Contrairement à ce que répète à
l’envi la cohorte d’experts et de journalistes invités à demeure des plateaux
de télévision, des radios et de la presse écrite, la crise grecque ne trouve
pas son origine dans un peuple essentialisé comme fainéant, fraudeur et vivant
à bon compte sur le dos de l’Europe et de ses habitants. C’est une toute autre
histoire que met en évidence la Commission à l’issue de ses premières
investigations.
Aléa (moral) jacta
est
En effet, la crise de la dette
publique grecque est en réalité une crise générée par quelques grandes banques,
en particulier françaises et allemandes, qui après avoir privatisé des profits
conséquents, ont socialisé une bonne partie de leurs pertes, non moins
conséquentes, par une manipulation digne des praticiens du jeu de bonneteau.
Dans cette escroquerie à grande échelle, le rôle du bonneteur ou manipulateur
est tenu par les banques, celui des complices ou « barons » par la Troïka (le
Fonds monétaire international, la Banque centrale européenne et la Commission
européenne), celui des seconds couteaux par les gouvernements des États
européens, et enfin celui de la victime par le peuple grec. Le préjudice subi
s’élève à 320 milliards d’euros, le montant de la dette grecque.
L’histoire commence au début des
années 2000, à un moment où les grandes banques occidentales décident de
déverser massivement sur le marché grec, qu’elles estiment plus rémunérateur
pour elles que leur marché national, une part importante des énormes liquidités
dont elles disposent. Prises d’une frénésie irrépressible, elles prêtent aux
entreprises, aux particuliers, à l’État grec et procèdent à l’acquisition de
filiales sur place pour opérer plus facilement, à l’exemple du Crédit Agricole
avec Emporiki et de la Société Générale avec Geniki. Inondées de liquidités,
les banques grecques, privatisées depuis 1998, se lancent à leur tour dans
l’octroi d’une quantité d’emprunts sans prendre la peine de procéder à
l’analyse du risque qui est pourtant la base du métier de banquier. Ainsi,
entre 2000 et 2009, les crédits explosent, les prêts aux ménages et les crédits
immobiliers sont multipliés par 6, les financements aux entreprises doublent.
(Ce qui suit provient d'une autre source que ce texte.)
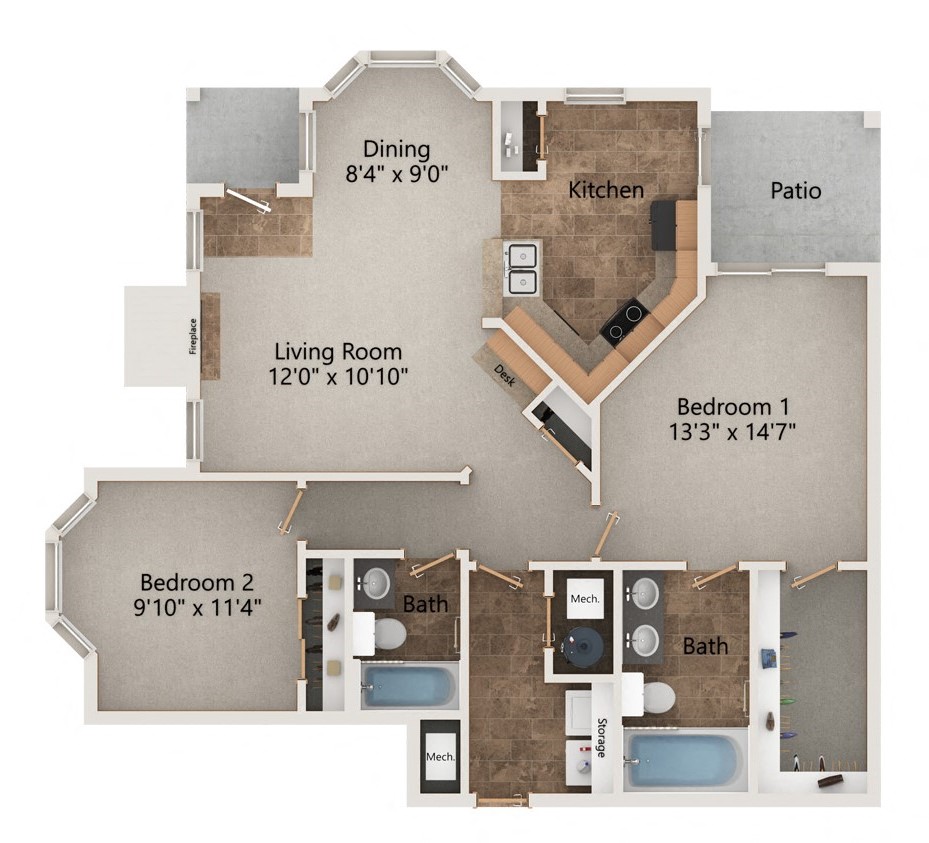Crane two bedroom two bathroom floorplan at Stone Creek Villas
Tout n’est que profit, calme et volupté dans le petit monde de la finance
jusqu’à ce qu’éclate la crise de 2008-2009. Née aux États-Unis avec la crise
des subprimes qui a vu la spoliation de millions de ménages modestes, la crise
devient internationale et gagne l’Europe et la Grèce. En Grèce, de nombreux
ménages se retrouvent brutalement dans l’incapacité de payer leurs échéances et
les banques sont aux abois. C’est alors qu’interviennent les gigantesques plans
de soutien aux banques mis en place par la Banque Fédérale aux États-Unis (29
000 milliards de dollars) et par la Banque centrale européenne (5 000 milliards
d’euros) car, fidèles pratiquants du commandement de l’aléa moral, les
banquiers se sont empressés de faire supporter leurs pertes par les États,
c’est-à-dire par les contribuables.
La Troïka ou l’éloge
du crime en bande organisée
En 2009, en Grèce, la
falsification des chiffres du déficit et du niveau de la dette publique donne
le prétexte qui manquait pour justifier l’intervention du FMI au côté de ses
deux complices, la Banque centrale européenne et la Commission européenne. Sous
couvert de « plans de sauvetage » de la Grèce, cette Troïka va imposer au pays
deux memoranda. Ces derniers prévoient des financements importants,
respectivement de 110 et 130 milliards d’euros, mais qui, pour l’essentiel ne
vont bénéficier qu’aux banques grecques et étrangères qui recevront plus de 80
% des sommes débloquées. Mais surtout, ces plans d’ajustement sont accompagnés
de drastiques mesures d’austérité : licenciements massifs dans la fonction
publiques, coupes dans les services publics, diminutions des salaires et des
pensions, bradage du patrimoine du pays. Les effets de ces politiques vont être
catastrophiques : en quelques années, le pays perd 25 % de son PIB, voit son
taux de chômage tripler pour atteindre 27 % (60 % chez les jeunes et 72 % chez
les jeunes femmes), et en lieu et place d’une diminution de la dette publique,
on voit celle-ci augmenter jusqu’à 320 milliards d’euros pour représenter 177 %
du PIB en juin 2015. Dans ces plans d’austérité imposés à la Grèce, le plus
inadmissible est la crise humanitaire qu’ils ont suscitée en frappant
indifféremment enfants, personnes âgées, migrants, malades, femmes isolées sans
emploi, c’est-à-dire les plus fragiles de la société. Gabriel Sterne, un
économiste d’Oxford Economics (une société de conseil spécialisée dans
l’analyse économique et la prospective), reprenant une étude d’économistes du
FMI portant sur 147 crises bancaires sur la période 1970-2011, constate que
la crise grecque fait partie des 5 % des crises les plus graves. La chute de 42
% du PIB de la Grèce entre 2008 et 2015 est un phénomène qui n’a été observé
que dans des pays confrontés à des guerres, à des effondrements du cours des
matières premières et en Argentine dans les années 1980 et 1995.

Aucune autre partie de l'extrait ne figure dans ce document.